- Goal of the exercise: Using the listing below, return each line exactly as it reads.

- Given material:
[Start of Attachment]

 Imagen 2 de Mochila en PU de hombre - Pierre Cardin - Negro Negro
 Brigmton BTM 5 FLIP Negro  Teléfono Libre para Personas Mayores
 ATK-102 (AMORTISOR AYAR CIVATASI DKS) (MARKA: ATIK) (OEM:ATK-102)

[End of Attachment]

- Expected answer:
 Imagen 2 de Mochila en PU de hombre - Pierre Cardin - Negro Negro
 Brigmton BTM 5 FLIP Negro  Teléfono Libre para Personas Mayores
 ATK-102 (AMORTISOR AYAR CIVATASI DKS) (MARKA: ATIK) (OEM:ATK-102)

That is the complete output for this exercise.